About this task
Please return each of the entries exactly, minus their pictures.

Recorded data
>>>
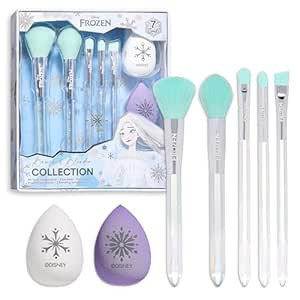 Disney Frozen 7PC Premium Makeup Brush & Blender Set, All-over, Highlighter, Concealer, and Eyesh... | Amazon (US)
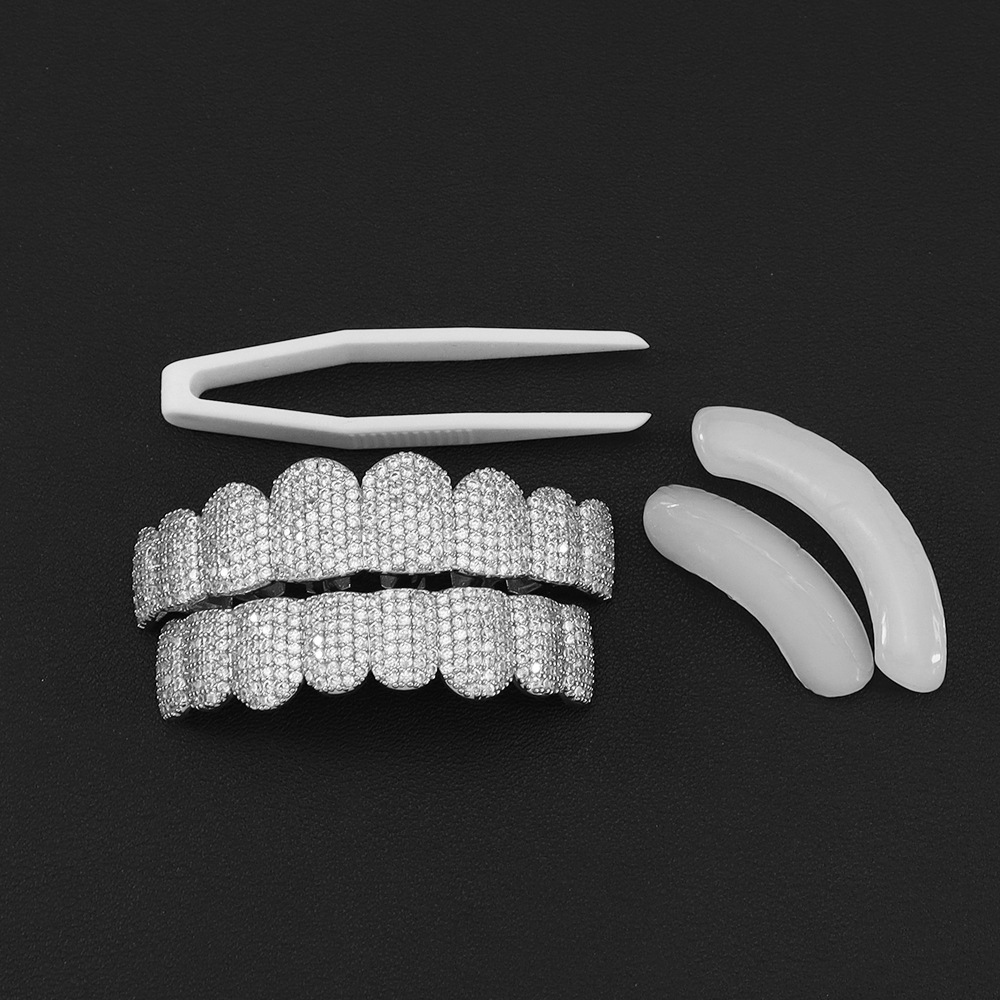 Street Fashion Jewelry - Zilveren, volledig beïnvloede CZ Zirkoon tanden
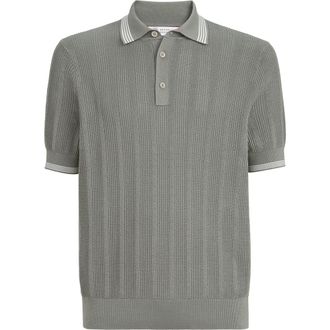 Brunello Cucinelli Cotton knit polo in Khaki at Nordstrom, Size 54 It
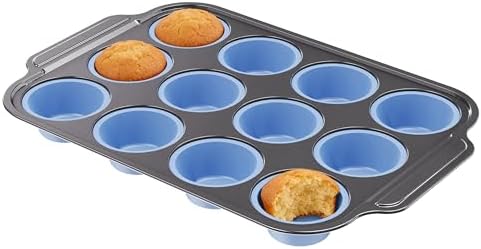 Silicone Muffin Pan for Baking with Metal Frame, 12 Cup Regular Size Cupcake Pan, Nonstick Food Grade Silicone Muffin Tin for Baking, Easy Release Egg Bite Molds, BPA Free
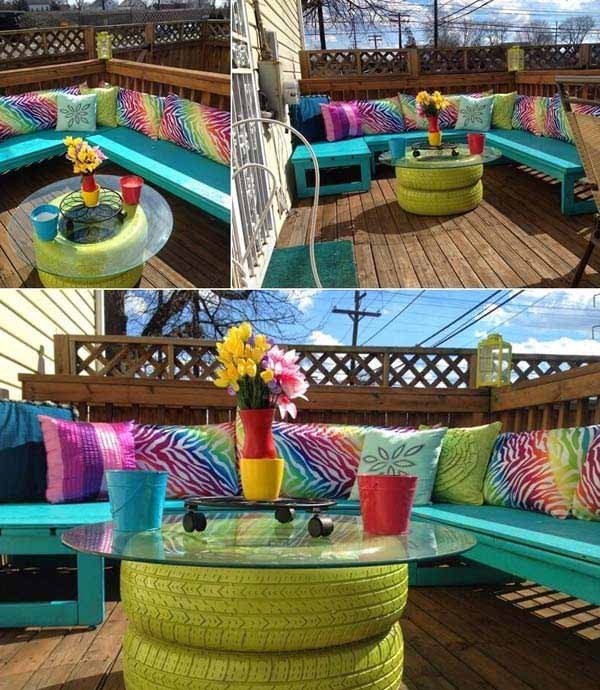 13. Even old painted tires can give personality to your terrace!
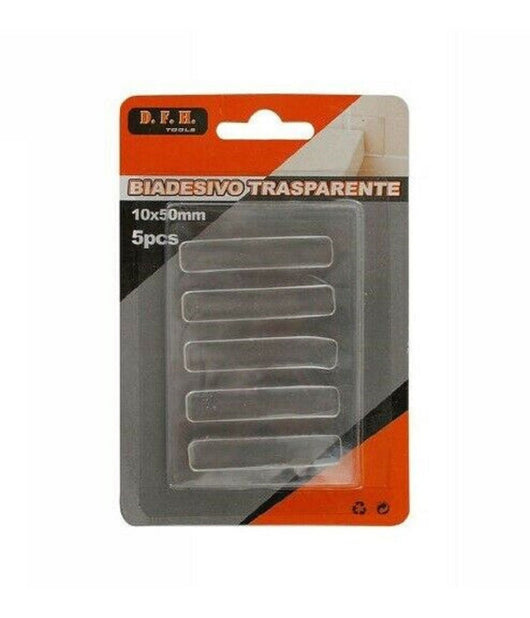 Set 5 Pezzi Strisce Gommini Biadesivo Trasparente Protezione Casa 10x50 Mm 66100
<<<
Exercise result
 Disney Frozen 7PC Premium Makeup Brush & Blender Set, All-over, Highlighter, Concealer, and Eyesh... | Amazon (US)
 Street Fashion Jewelry - Zilveren, volledig beïnvloede CZ Zirkoon tanden
 Brunello Cucinelli Cotton knit polo in Khaki at Nordstrom, Size 54 It
 Silicone Muffin Pan for Baking with Metal Frame, 12 Cup Regular Size Cupcake Pan, Nonstick Food Grade Silicone Muffin Tin for Baking, Easy Release Egg Bite Molds, BPA Free
 13. Even old painted tires can give personality to your terrace!
 Set 5 Pezzi Strisce Gommini Biadesivo Trasparente Protezione Casa 10x50 Mm 66100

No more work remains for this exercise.